My daughter, as she was almost six years ago.
I put the picture of my baby on this post, because when it comes to personal identity, I really did find that "a baby changes everything". The picture that I carried of myself, who I thought I was, and what I thought defined me as a person - all of that was swept aside by the identity of Loving Mother.
It came home to me most powerfully in a early workshop for the Masters in Teaching program I was in. To start us off we had a week-long retreat with the rest of our cohort and the professors, and we did a whole week of processing identity questions and group building. One exercise we did was with a box, and we wrote inside the box how we saw ourselves. Then we passed the box around to these still-mostly-strangers and they wrote on the outside of the box how they saw us.
I still thought of myself as being tough and striving, an achiever who stressed out too much, and a whole bunch of other identity stuff from my pre-children days. What the others saw was a young mother who had to leave class all the time to go pump breast milk for her baby who had been left for the first time ever with a new nanny. They saw me as the Loving Mother. What I had been before was no longer visible, and frankly didn't really matter anymore. Having a baby changed everything, and it transformed me as a person in big and small ways.
Since having my children, Love and Service have been at the core of my identity at all times. Sometimes it's a narrow focus Love and Service that only encircles my own family, and sometimes it's a kind of general love for all of existence that feels like it could burst my heart into little bits because it's just too big for one person to feel all at once.

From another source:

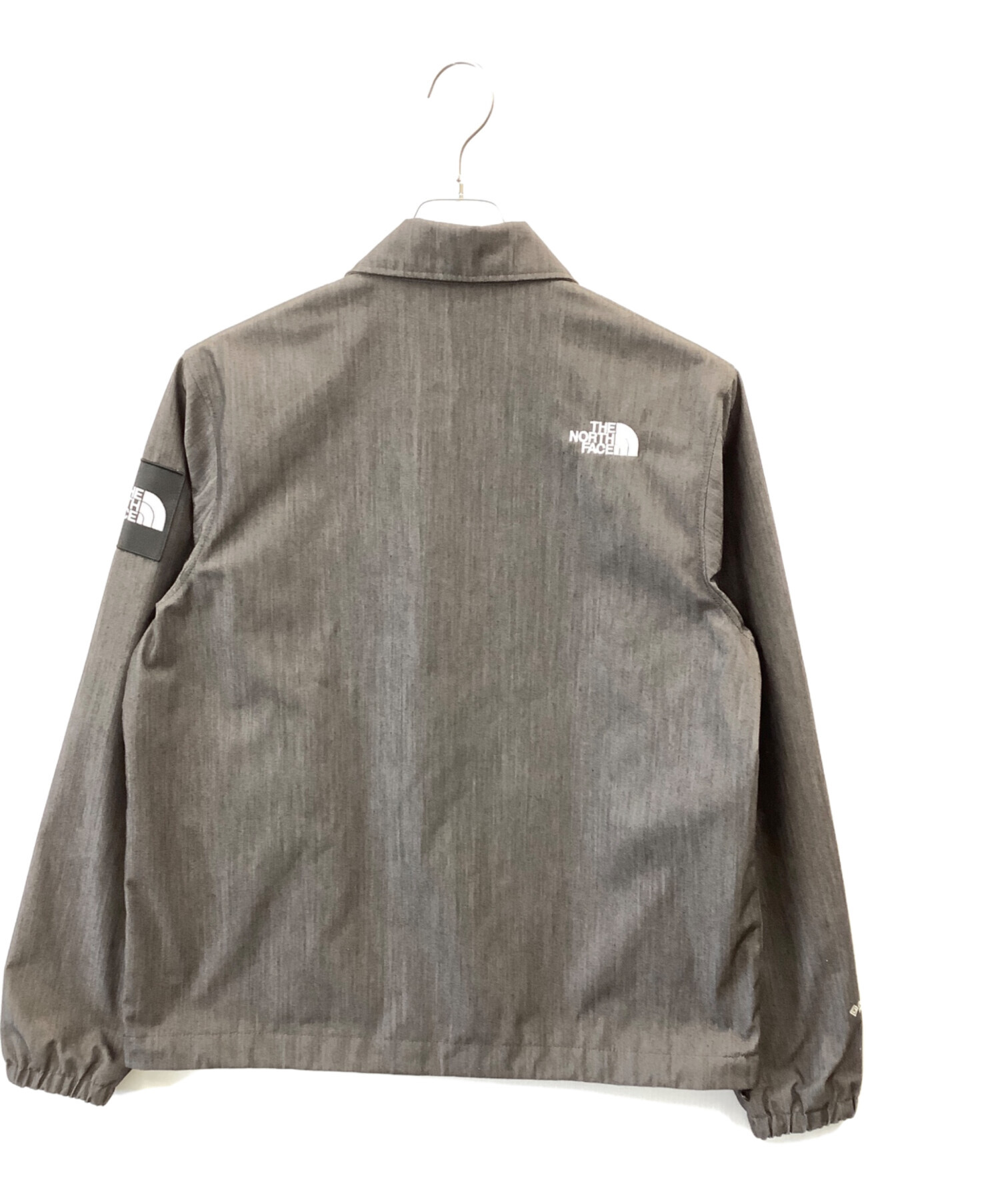 中古・古着通販】THE NORTH FACE (ザ ノース フェイス) GTXデニム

Sometimes it is something in between, when I feel powerful love and compassion for others that calls me to care for them in some way. But some sort of outward focused love and the need to care for others is always guiding and motivating me.

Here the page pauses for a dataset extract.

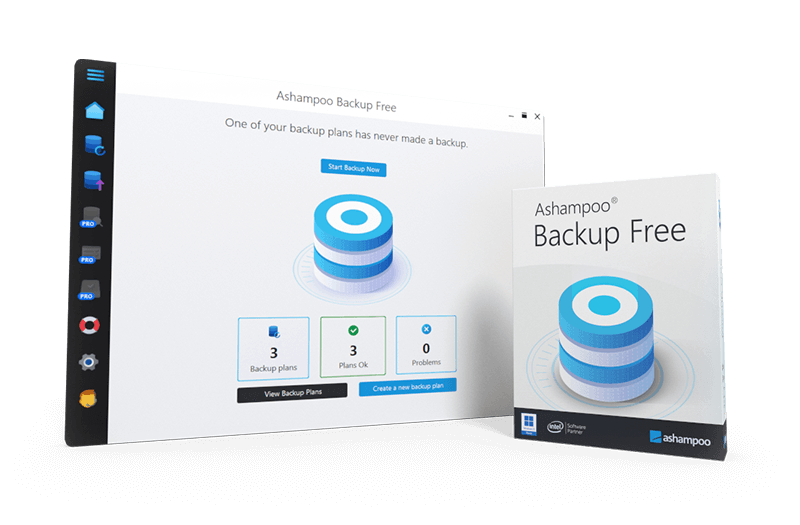 Ashampoo Backup Pro Crack 16.04 With Keygen Free Latest 2023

What I'm discovering now is that I have to stop and give that same love back to myself. Going back to that box that we wrote on for the identity exercise, I have to love all the bits of myself that no one else ever sees. I have to nourish and care for the inner person, so that I will have the strength to bear this Love that can drain me of myself. Love calls me to service, and Love and Service can hurt sometimes. But Love also heals, forgives, and waits patiently.